Input material
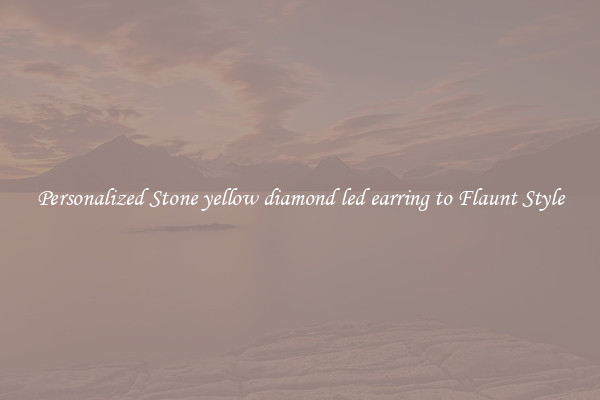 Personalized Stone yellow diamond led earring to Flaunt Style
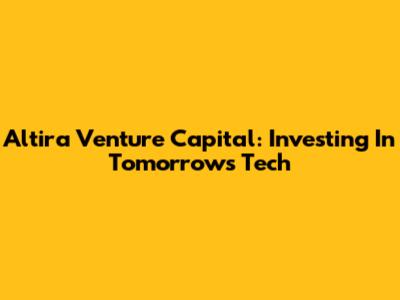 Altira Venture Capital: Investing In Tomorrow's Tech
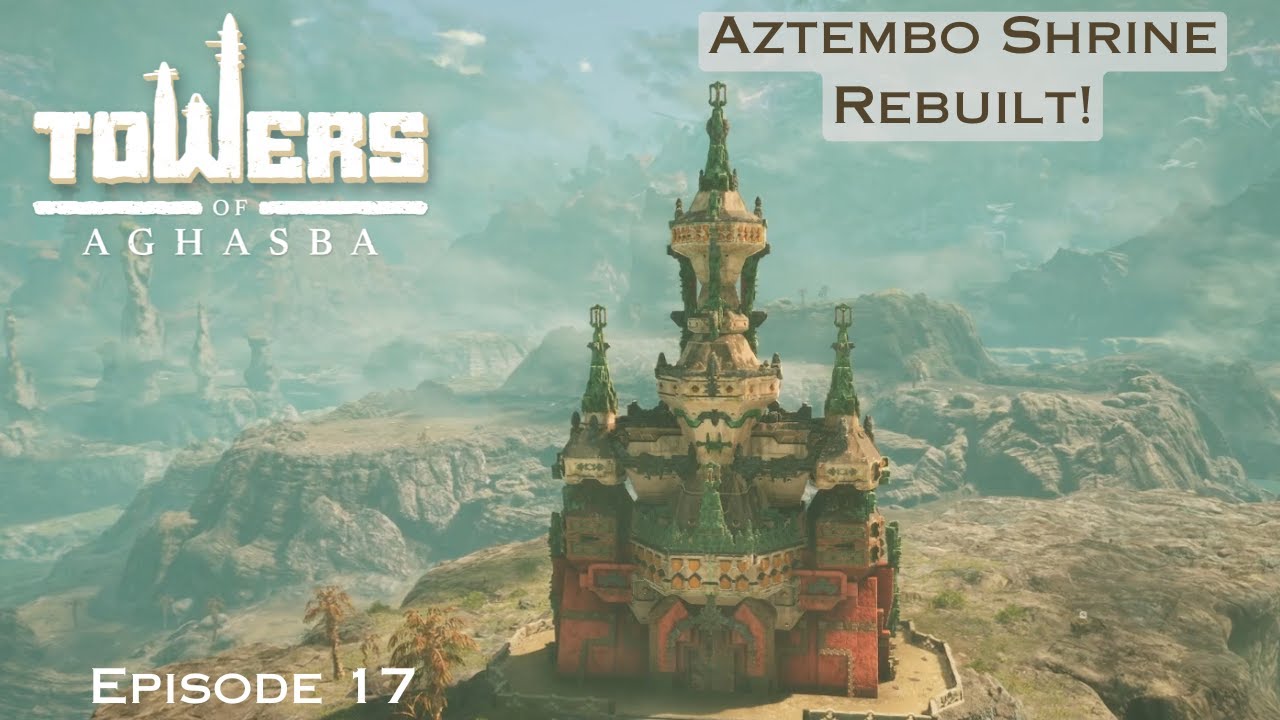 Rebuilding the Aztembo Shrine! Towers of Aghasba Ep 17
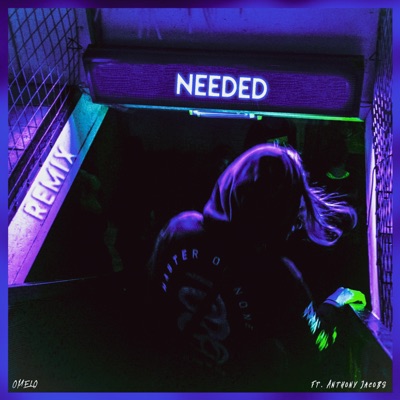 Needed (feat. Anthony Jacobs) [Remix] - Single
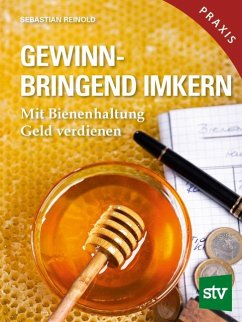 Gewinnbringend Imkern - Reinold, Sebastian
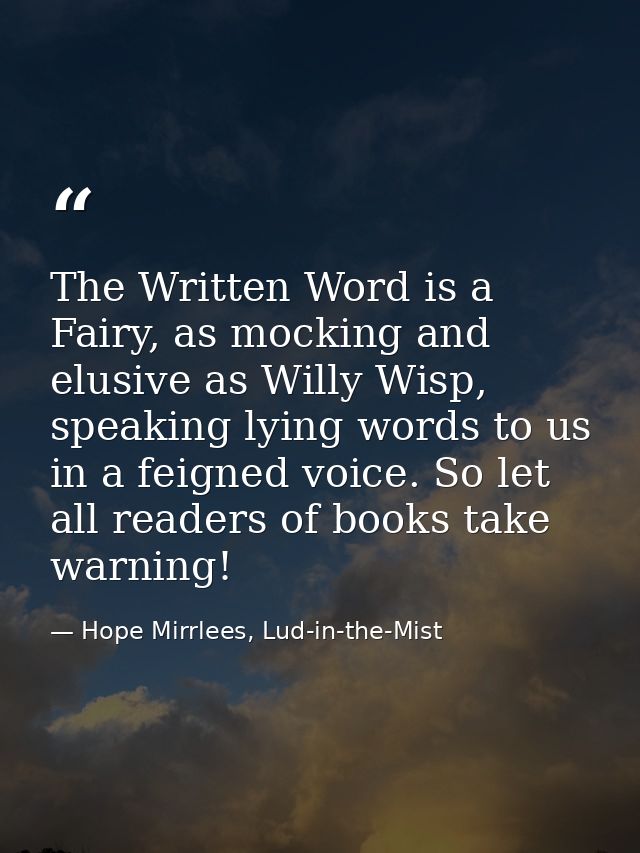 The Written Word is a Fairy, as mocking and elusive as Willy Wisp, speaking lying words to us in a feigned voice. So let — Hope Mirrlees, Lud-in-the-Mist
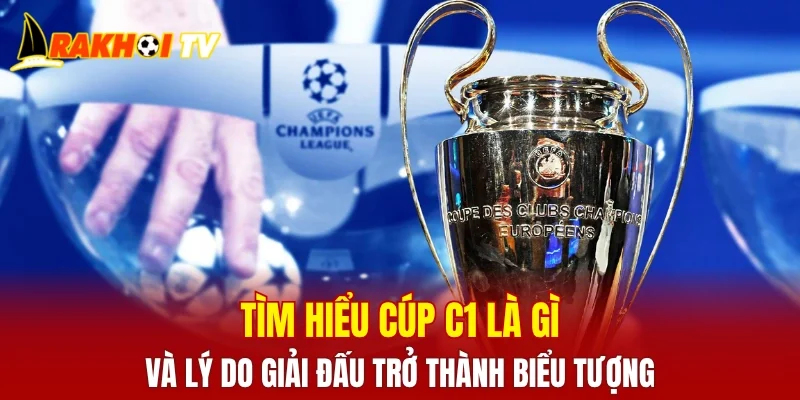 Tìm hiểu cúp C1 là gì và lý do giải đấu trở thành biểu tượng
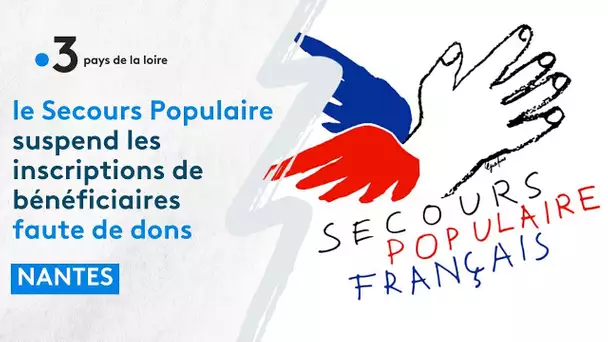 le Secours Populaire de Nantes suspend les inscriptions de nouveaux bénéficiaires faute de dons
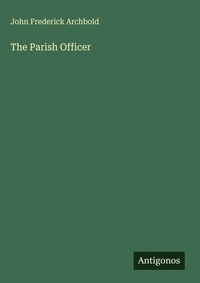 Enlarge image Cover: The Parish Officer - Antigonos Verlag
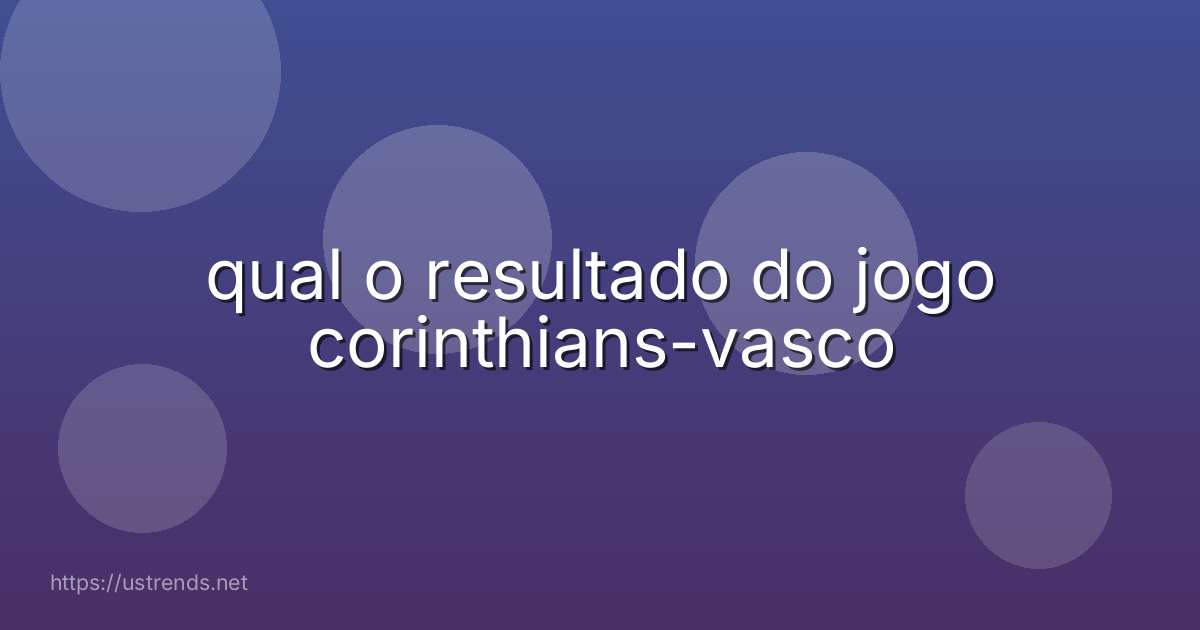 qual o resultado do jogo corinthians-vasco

Your objective
Without the pictures, transcribe exactly the lines above from the one containing "le Secours Populaire" through the last.

Response area
 le Secours Populaire de Nantes suspend les inscriptions de nouveaux bénéficiaires faute de dons
 Enlarge image Cover: The Parish Officer - Antigonos Verlag
 qual o resultado do jogo corinthians-vasco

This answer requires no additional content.